**Exercise details:** From the data below, set down exactly the lines between the one holding "Sandalias de cuero" and the one holding "a woman holding", inclusive, and no others.

**Given data:**
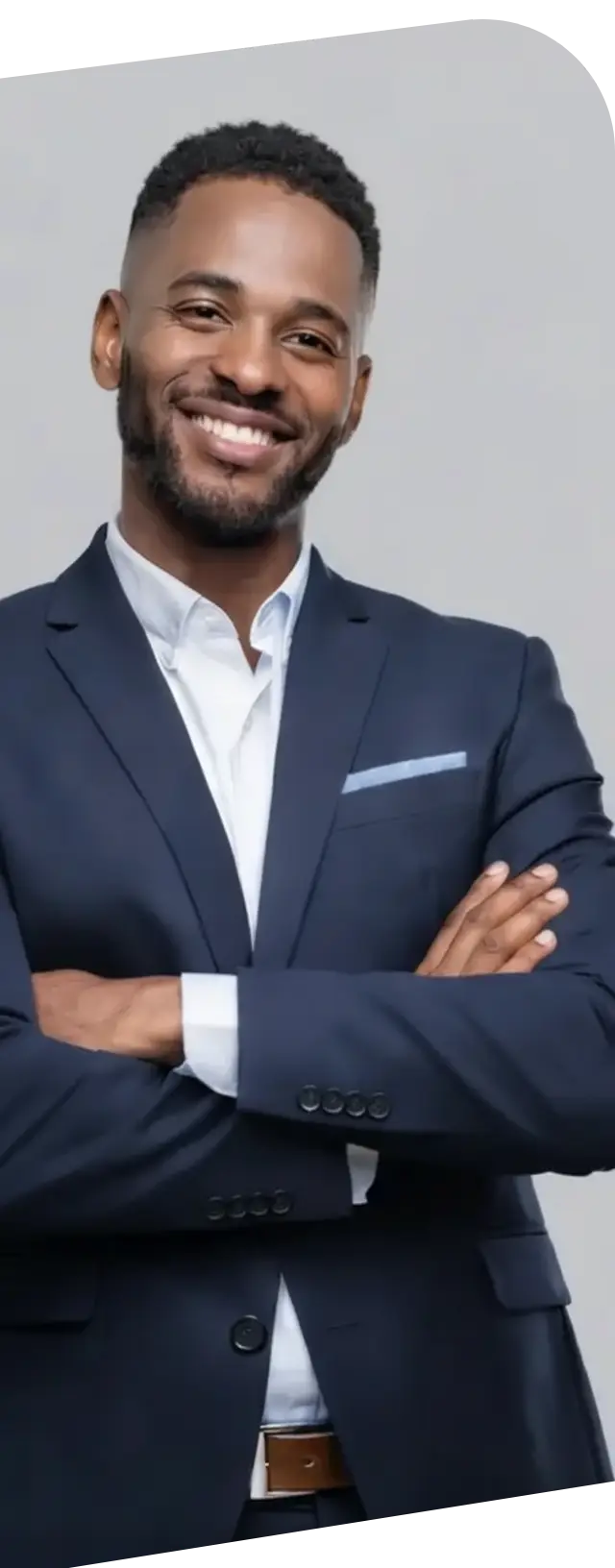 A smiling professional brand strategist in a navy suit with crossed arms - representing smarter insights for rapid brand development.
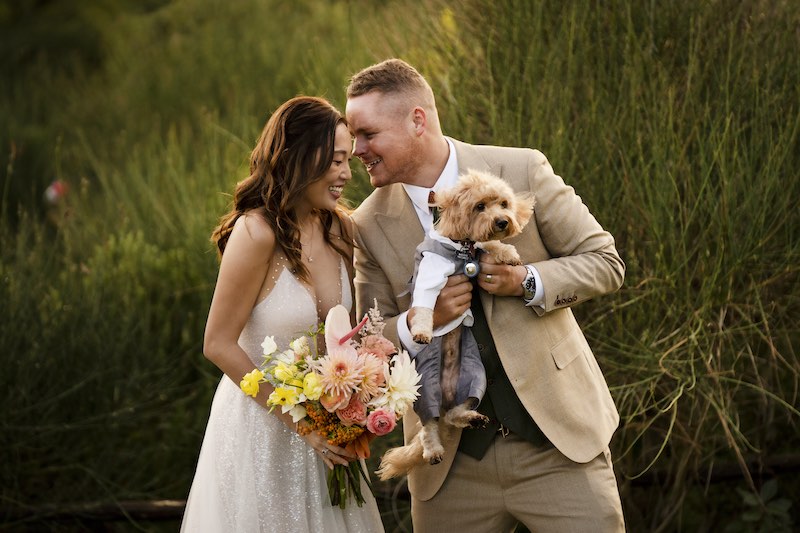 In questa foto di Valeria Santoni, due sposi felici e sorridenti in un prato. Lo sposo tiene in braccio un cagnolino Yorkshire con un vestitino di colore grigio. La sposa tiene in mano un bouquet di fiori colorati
---
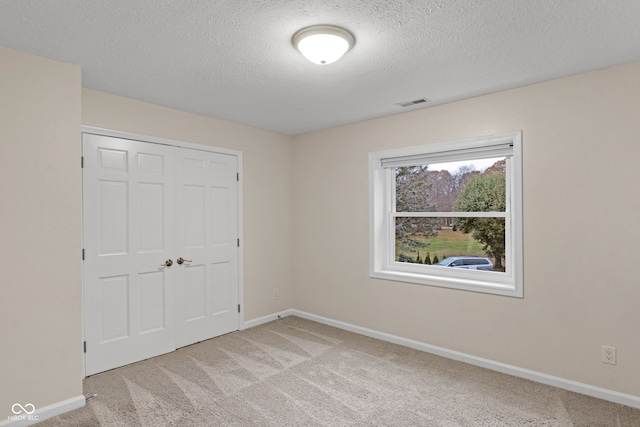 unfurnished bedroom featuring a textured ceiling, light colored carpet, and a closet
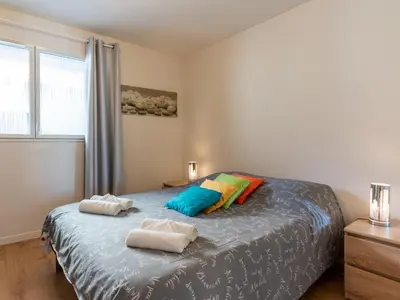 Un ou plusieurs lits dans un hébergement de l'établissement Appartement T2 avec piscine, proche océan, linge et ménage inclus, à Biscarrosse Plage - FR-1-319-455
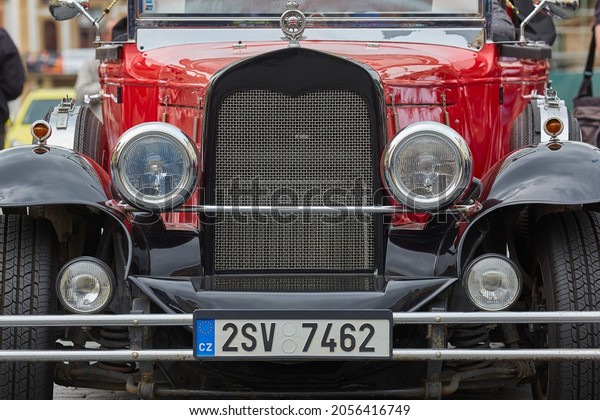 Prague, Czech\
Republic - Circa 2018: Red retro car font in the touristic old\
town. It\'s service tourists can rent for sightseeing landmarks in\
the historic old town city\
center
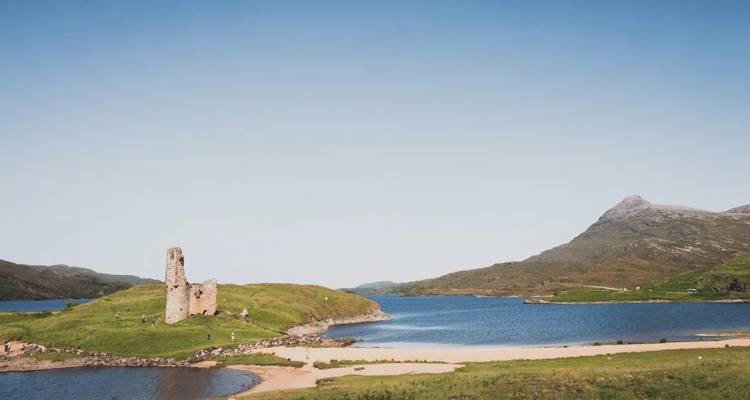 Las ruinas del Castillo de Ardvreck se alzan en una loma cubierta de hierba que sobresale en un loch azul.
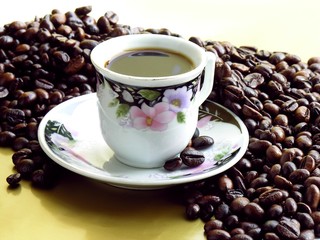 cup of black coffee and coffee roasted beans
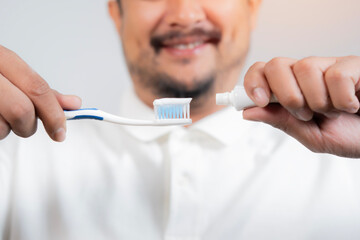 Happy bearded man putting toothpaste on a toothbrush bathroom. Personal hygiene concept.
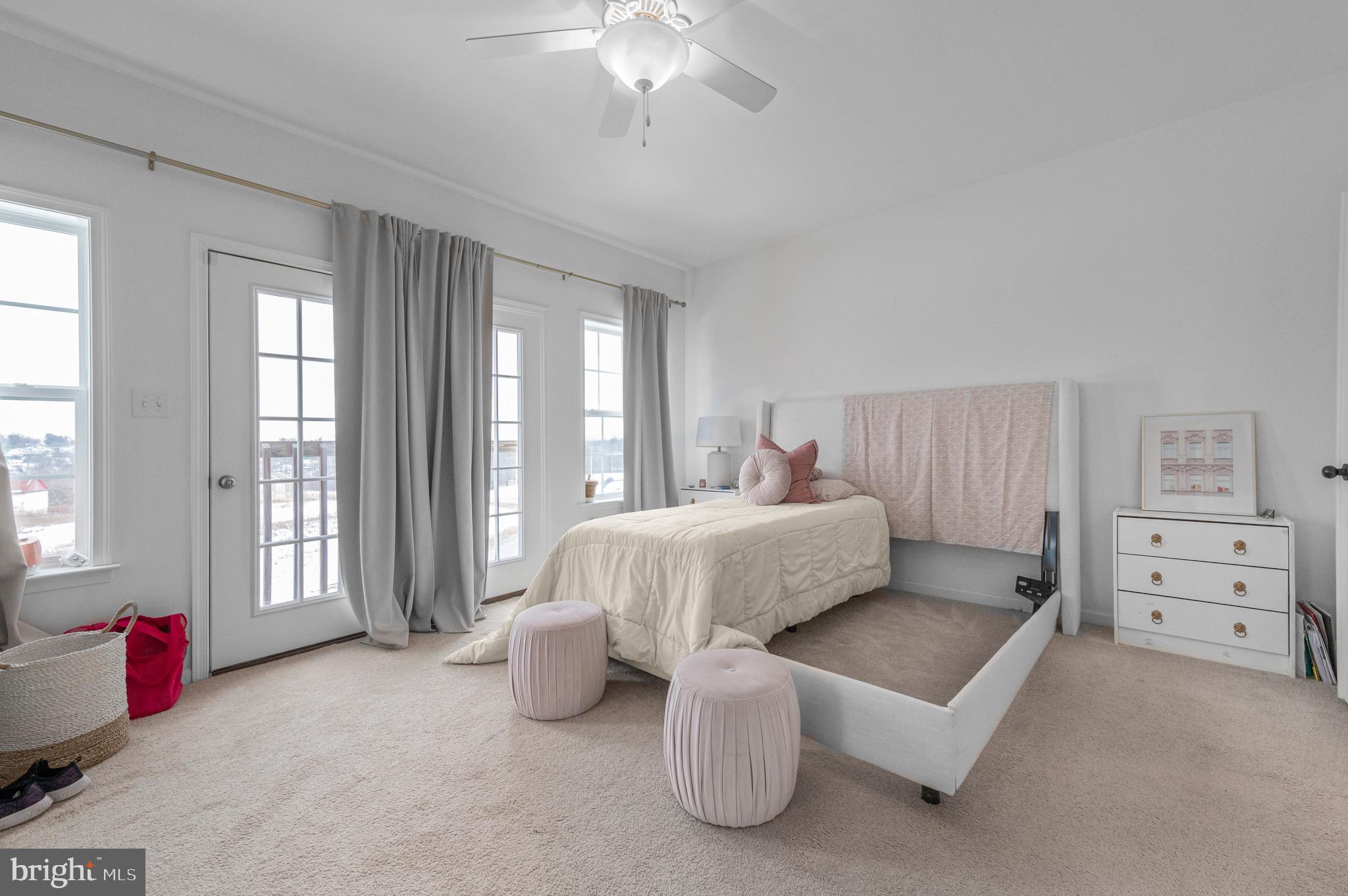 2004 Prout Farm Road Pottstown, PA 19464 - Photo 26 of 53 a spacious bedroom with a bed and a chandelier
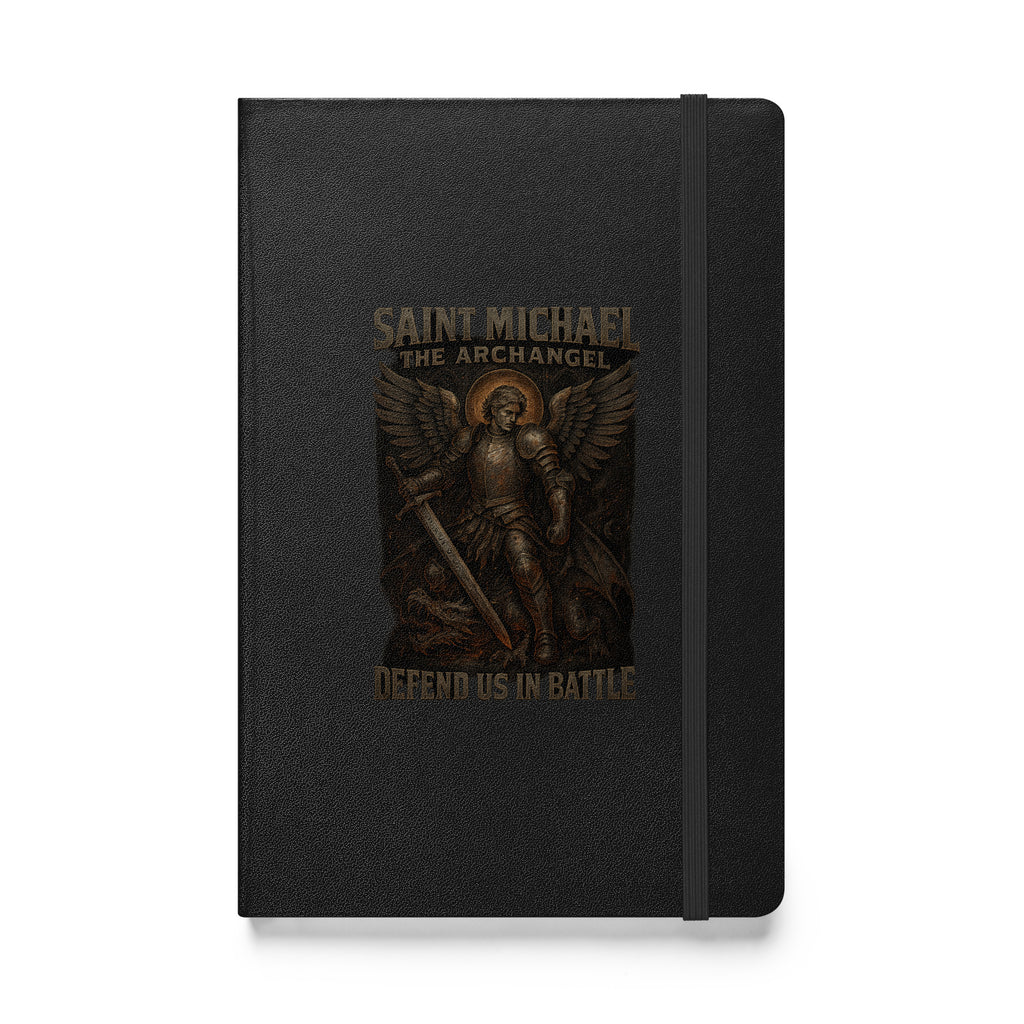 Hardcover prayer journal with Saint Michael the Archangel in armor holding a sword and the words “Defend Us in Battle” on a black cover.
---
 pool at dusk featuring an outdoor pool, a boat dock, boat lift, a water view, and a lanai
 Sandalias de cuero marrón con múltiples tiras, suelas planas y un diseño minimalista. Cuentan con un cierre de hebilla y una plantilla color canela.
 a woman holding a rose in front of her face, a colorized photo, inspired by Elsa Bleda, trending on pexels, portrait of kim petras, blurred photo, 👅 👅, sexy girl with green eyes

**Solution to this problem:**
 Sandalias de cuero marrón con múltiples tiras, suelas planas y un diseño minimalista. Cuentan con un cierre de hebilla y una plantilla color canela.
 a woman holding a rose in front of her face, a colorized photo, inspired by Elsa Bleda, trending on pexels, portrait of kim petras, blurred photo, 👅 👅, sexy girl with green eyes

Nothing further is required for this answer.